What happens when you grant a monopoly on violence to an organization and then grant that organization a monopoly on determining whether or not it used too much violence? Incidents involving over 100 round fired into a car occupied by unarmed individuals with no consequences for the shooters:
CLEVELAND, OH (WOIO) – Cleveland Police Chief McGrath announced results of disciplinary hearings for patrol officers involved in the deadly November police pursuit on Tuesday morning.
According to Chief McGrath, 64 patrol officers were found guilty of breaking policy. No one will be fired, and the longest suspension will be 10 days. 19 Action News has learned some officers were cleared.
On November 29, 2012, police chased a car with two people from Cleveland to East Cleveland. Officers first saw the car speeding and heard what appeared to be a gunshot coming from it. The driver refused to stop, and officers reported seeing a weapon in the car, but no gun was ever found. The 28-minute chase ended with officers firing 137 shots into the car, killing the driver, Timothy Russell and the passenger, Malissa Williams.
Firing 137 rounds into a vehicle in a city is pretty irresponsible by itself. But unloading that wall of lead because you heard something that sounded like gunfire is totally irresponsible. To make matters worse, the officers involved in the incident received nothing more than a paid vacation. In other words, the officers who demonstrated total irresponsibility suffered no negative consequences, which will almost certainly encourage such behavior in the future.

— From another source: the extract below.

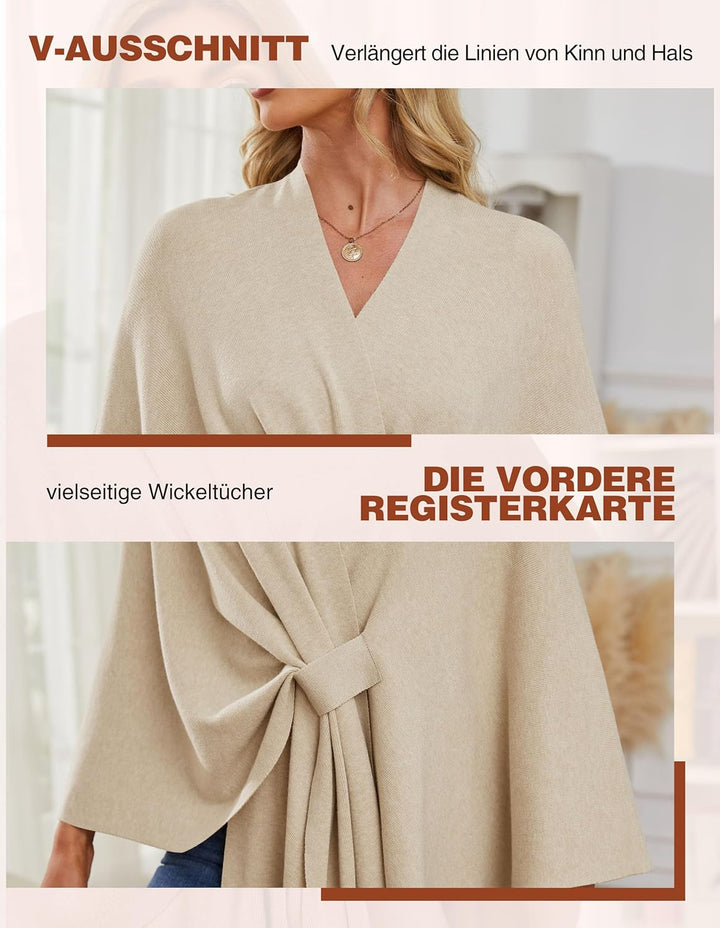 PULI Damen Elegant Poncho Strick Ponchos Capes Vorne öffnen Vielseitige Schalwickel mit Lasche Barle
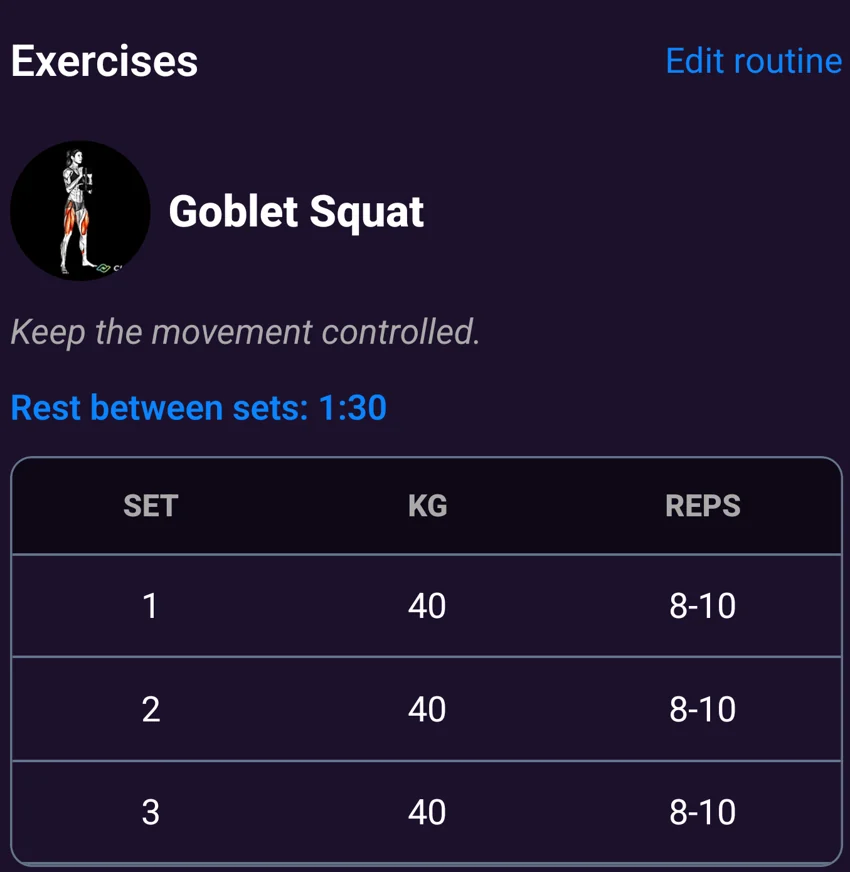 Routine exercise with sets, weights, repetitions and rest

As a side note, advocates of gun control often ask why us advocates of gun rights are opposed to allowing the police to decide who can and cannot own firearms (advocates of gun control generally hide this demand under the label of “background checks”). The answer is simple: police officers in this country frequently demonstrate a complete lack of responsibility when it comes to firearm usage. I, for one, cannot see the logic in putting people who are irresponsible with firearms in charge of deciding who gets to own a firearm.